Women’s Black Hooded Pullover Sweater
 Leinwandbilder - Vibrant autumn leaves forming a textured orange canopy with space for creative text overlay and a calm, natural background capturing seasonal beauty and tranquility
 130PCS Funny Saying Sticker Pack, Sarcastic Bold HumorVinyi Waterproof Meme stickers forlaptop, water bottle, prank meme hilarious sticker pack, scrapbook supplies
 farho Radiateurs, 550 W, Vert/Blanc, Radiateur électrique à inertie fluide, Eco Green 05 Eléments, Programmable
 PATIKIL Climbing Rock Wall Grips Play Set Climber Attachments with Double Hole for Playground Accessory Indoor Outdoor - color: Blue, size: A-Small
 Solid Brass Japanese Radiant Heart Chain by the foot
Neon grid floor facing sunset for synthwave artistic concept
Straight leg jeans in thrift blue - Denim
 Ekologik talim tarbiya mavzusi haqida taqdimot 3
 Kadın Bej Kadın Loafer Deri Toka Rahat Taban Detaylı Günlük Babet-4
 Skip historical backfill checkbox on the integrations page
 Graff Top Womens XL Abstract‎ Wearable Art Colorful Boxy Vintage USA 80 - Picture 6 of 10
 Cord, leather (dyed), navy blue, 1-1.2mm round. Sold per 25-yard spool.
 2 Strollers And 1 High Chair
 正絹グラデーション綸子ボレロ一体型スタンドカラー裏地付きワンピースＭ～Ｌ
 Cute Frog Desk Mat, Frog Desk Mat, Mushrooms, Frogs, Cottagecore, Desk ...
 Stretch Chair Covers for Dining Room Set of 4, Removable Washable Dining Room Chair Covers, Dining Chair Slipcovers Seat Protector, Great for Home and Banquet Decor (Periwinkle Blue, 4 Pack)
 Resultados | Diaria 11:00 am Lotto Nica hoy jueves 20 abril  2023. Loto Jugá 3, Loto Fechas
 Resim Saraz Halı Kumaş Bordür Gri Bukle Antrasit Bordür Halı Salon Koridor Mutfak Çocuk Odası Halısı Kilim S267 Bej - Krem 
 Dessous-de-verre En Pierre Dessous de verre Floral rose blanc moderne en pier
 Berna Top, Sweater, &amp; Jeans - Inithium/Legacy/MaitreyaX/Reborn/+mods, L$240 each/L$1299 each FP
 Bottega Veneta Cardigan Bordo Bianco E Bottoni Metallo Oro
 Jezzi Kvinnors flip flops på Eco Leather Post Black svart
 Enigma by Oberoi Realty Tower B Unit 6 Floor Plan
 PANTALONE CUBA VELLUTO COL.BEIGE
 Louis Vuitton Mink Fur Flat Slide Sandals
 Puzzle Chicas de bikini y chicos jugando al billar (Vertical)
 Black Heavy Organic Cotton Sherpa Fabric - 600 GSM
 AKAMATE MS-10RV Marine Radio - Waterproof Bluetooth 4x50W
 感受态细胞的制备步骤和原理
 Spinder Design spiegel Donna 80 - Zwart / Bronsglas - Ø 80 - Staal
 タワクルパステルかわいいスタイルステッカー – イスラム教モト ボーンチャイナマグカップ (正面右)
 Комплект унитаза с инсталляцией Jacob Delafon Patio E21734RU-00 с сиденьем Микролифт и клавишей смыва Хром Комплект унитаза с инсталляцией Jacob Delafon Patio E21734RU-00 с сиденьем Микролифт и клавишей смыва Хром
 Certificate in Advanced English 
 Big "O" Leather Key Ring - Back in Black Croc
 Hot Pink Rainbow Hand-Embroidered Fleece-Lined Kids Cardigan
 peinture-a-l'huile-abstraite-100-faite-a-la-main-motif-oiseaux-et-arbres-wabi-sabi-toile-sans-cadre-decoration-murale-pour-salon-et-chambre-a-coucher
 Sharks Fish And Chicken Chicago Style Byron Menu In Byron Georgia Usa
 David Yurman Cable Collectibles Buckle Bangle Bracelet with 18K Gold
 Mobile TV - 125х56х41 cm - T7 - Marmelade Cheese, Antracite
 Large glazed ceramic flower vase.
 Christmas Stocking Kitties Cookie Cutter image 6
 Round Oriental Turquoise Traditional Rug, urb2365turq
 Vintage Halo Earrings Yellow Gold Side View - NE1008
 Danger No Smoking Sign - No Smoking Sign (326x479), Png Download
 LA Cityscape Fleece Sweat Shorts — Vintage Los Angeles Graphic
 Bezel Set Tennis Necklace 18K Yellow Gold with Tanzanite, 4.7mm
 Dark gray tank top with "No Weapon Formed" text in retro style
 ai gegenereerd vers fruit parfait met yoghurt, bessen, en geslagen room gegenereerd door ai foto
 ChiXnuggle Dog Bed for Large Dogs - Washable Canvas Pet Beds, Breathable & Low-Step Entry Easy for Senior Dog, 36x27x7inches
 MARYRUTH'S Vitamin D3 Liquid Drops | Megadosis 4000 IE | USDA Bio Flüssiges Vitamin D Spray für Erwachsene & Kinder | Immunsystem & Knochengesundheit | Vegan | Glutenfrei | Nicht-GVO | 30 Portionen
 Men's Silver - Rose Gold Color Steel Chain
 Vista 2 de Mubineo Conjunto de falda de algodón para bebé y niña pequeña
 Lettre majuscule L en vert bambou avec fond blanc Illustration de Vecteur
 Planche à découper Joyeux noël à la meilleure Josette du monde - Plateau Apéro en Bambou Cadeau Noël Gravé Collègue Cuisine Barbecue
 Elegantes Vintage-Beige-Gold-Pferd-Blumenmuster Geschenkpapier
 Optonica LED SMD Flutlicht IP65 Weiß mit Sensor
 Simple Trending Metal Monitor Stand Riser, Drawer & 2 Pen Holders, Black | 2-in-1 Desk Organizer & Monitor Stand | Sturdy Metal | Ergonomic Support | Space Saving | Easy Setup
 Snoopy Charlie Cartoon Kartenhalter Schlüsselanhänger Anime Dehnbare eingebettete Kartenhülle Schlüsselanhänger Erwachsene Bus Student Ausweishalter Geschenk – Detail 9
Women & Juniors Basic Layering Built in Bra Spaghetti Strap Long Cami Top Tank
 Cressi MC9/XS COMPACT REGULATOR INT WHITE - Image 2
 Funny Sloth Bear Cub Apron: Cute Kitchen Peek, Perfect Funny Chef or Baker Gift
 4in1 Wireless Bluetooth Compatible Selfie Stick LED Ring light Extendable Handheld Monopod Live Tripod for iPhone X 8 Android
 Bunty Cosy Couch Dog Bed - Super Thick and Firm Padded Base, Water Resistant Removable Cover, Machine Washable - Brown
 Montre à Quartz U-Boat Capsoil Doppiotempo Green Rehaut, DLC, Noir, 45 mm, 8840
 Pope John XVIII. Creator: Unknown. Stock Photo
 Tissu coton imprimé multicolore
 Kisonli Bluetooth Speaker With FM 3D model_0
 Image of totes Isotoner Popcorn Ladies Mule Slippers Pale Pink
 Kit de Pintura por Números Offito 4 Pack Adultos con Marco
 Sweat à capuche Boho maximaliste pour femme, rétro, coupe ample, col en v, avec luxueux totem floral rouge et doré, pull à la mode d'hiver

EXERCISE: For each line above that includes "Easy", copy the line.

RESULT OF THE EXERCISE:
 ChiXnuggle Dog Bed for Large Dogs - Washable Canvas Pet Beds, Breathable & Low-Step Entry Easy for Senior Dog, 36x27x7inches
 Simple Trending Metal Monitor Stand Riser, Drawer & 2 Pen Holders, Black | 2-in-1 Desk Organizer & Monitor Stand | Sturdy Metal | Ergonomic Support | Space Saving | Easy Setup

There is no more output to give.